Azure Autoscaling: A Practical Guide

What is Autoscaling?

Autoscaling is the process of dynamically allocating resources to meet performance requirements. As workloads experience more demand, applications require additional resources to maintain performance levels and meet service level agreements (SLAs). Conversely, in periods of lower demand, these resources should be reallocated to conserve costs.

In a cloud environment, autoscaling can be performed in an elastic manner—meaning resources can be scaled up and down easily and with almost no limits. Cloud-based autoscaling eliminates the need for operators to constantly monitor system performance and make decisions about adding or removing resources.

There are two main ways to extend an application.
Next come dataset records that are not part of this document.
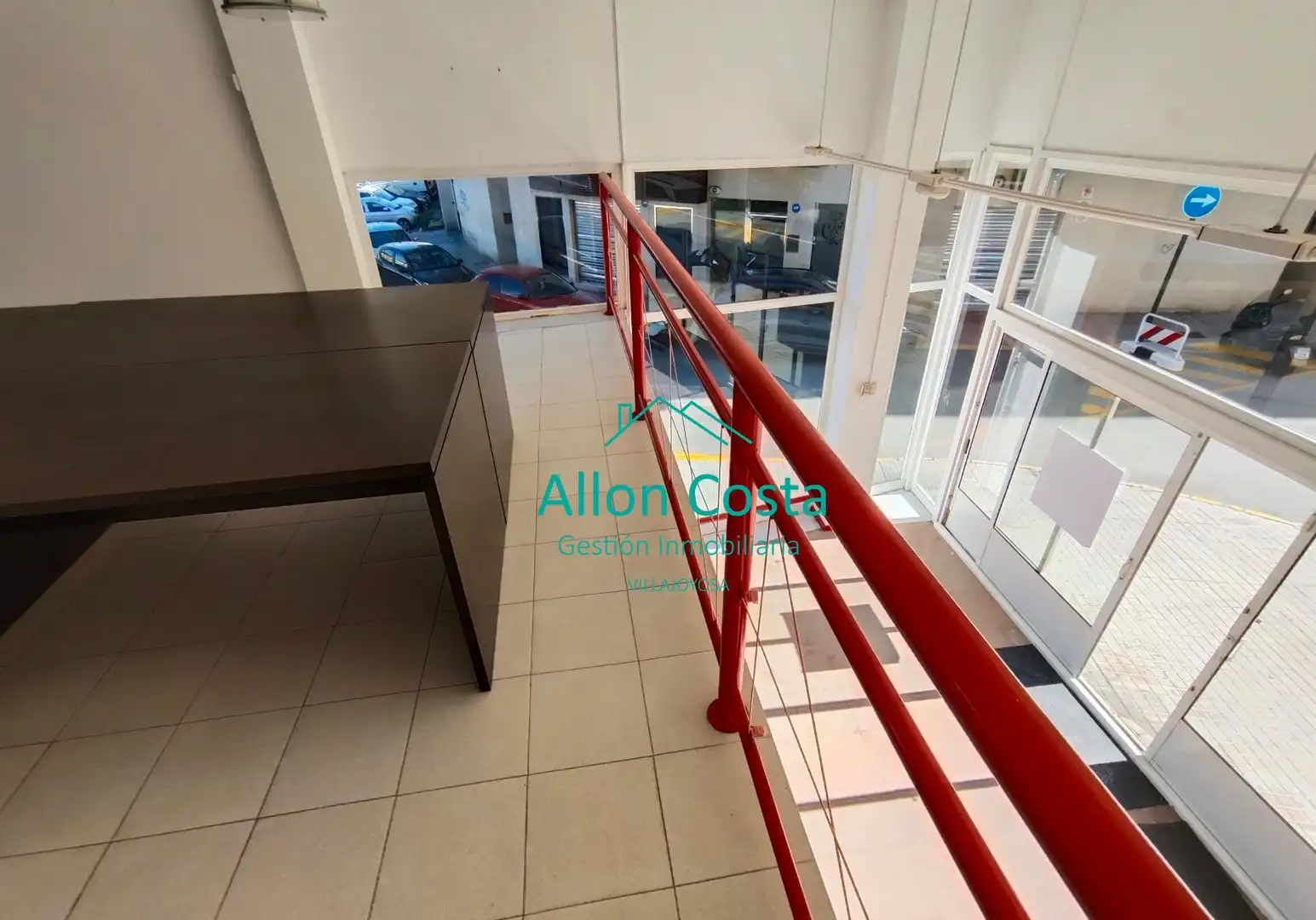 Local commercial à vendre à Plans - Gasparot, imagen 17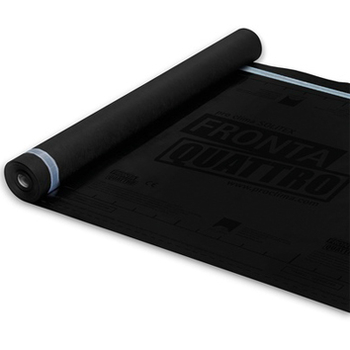 SOLITEX FRONTA QUATTRO connect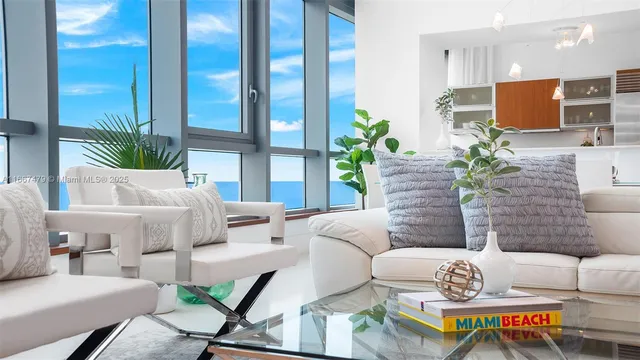 $47,000 | 101 20th Street, Unit THB 1505, Miami Beach, FL 33139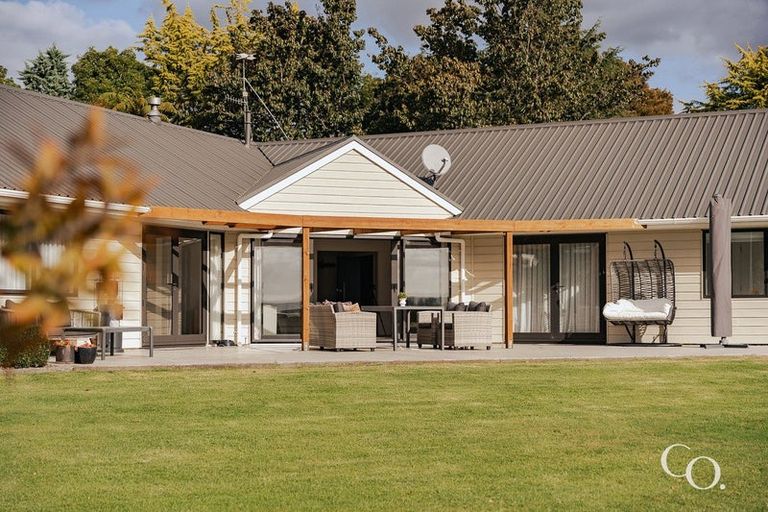 Photo of property in 573b Mclaren Falls Road, Omanawa, Tauranga, 3171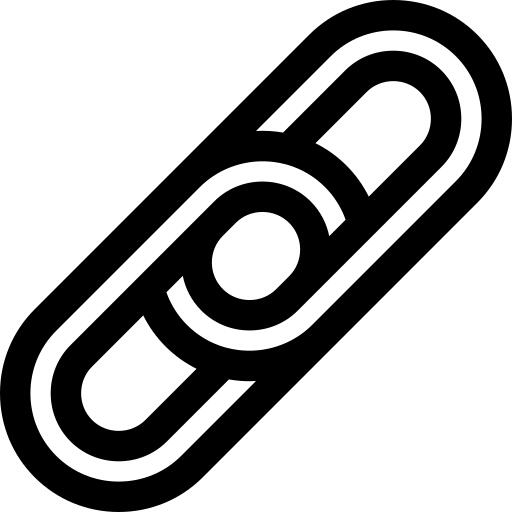链接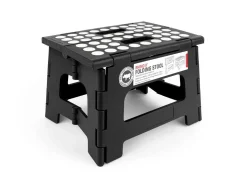 SGABELLO RHINO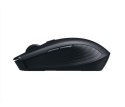 Mysz bezprzewodowa Atheris bluetooth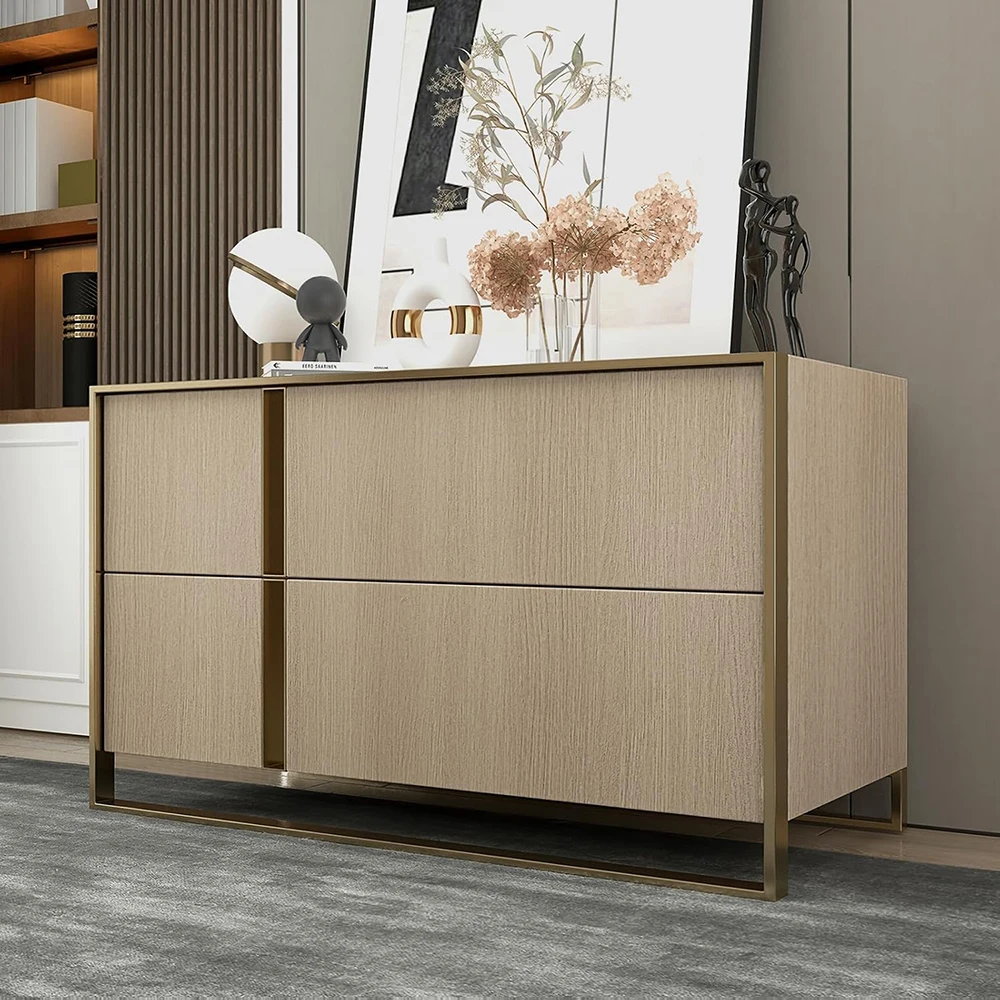 Thumbnail 4 - #19 Best Drawer Liners to Buy In 2026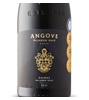 Angove Family Crest Shiraz 2021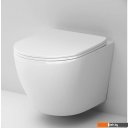 Унитазы AM.PM Like AquaSpin C801900SC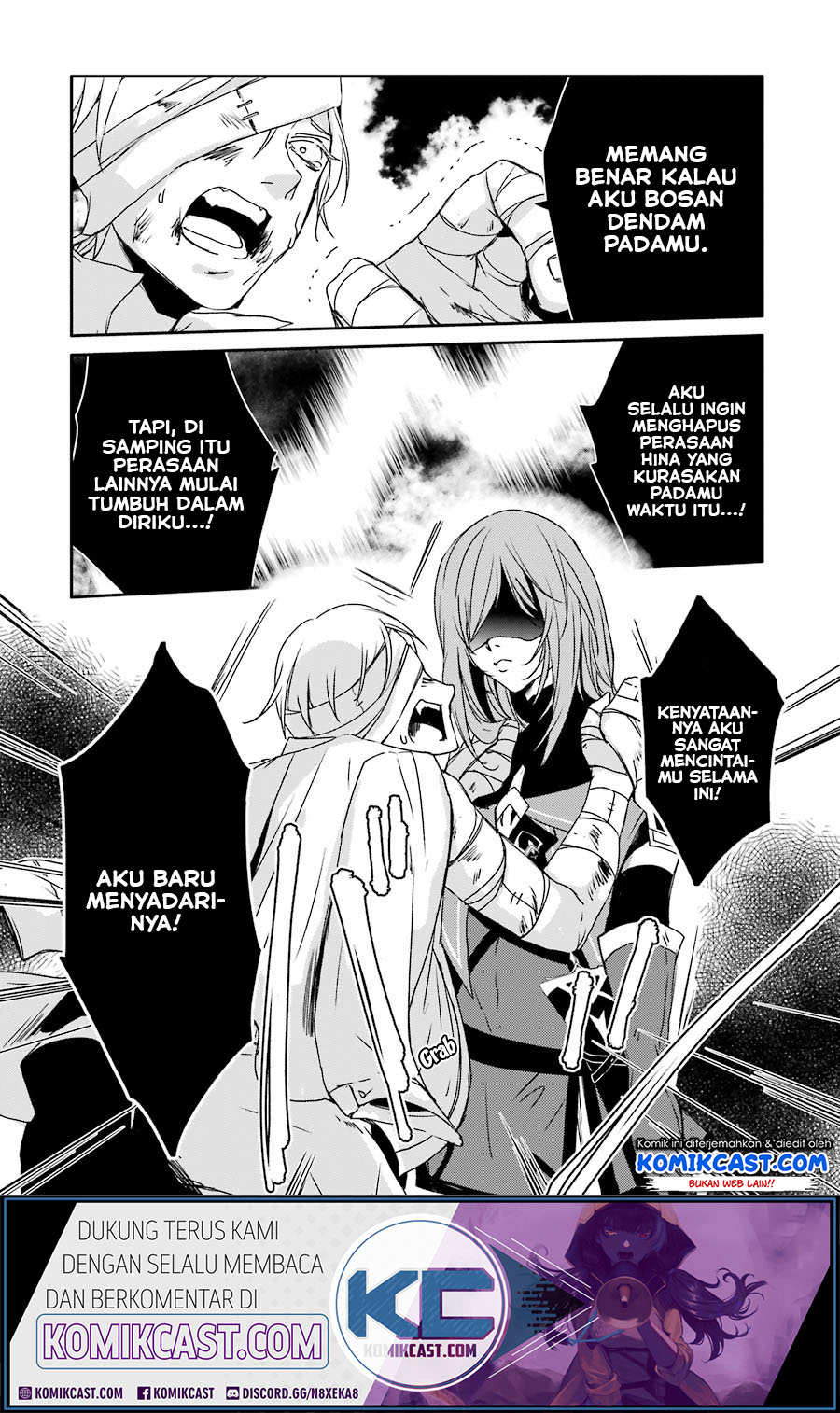 Chapter 11 - halaman 27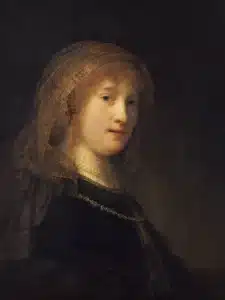 Sample of an old Portrait.jpg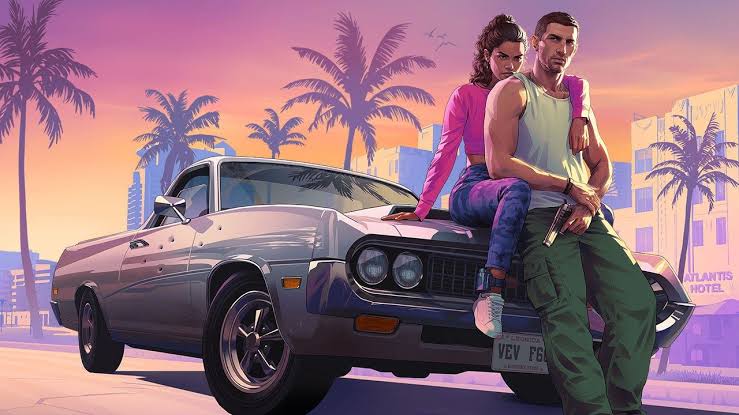 Take-Two CFO $282K Değerinde Hisse Sattı, Ancak GTA 6 Hayranları Rahat Olabilir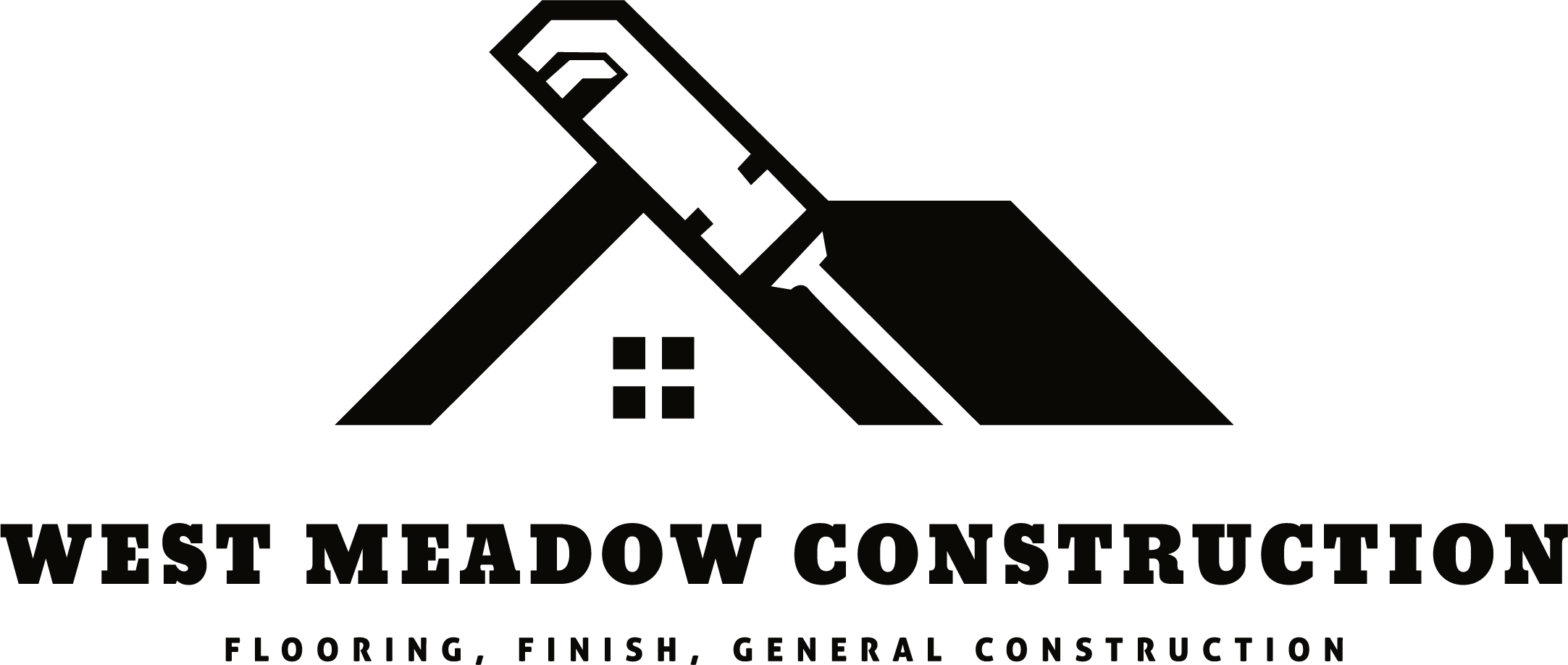 West Meadows Construction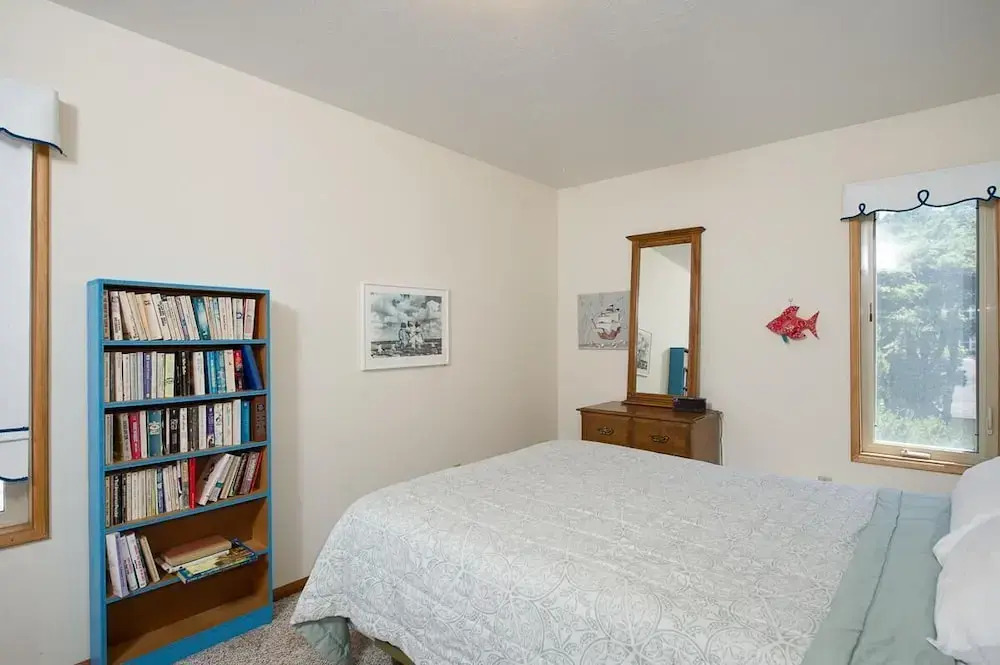 Ridgetop - photo 4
Vertical scaling refers to changing the capacity of a specific resource, for example moving a workload to another compute instance with more CPU power and memory. Horizontal scaling refers to adding more instances, or removing instances, of resources used by a workload. For example, extending an application from one compute instance to five compute instances.

The Microsoft Azure cloud supports automatic horizontal scaling for compute instances, called virtual machines (VMs). Some Azure services can also perform vertical scaling.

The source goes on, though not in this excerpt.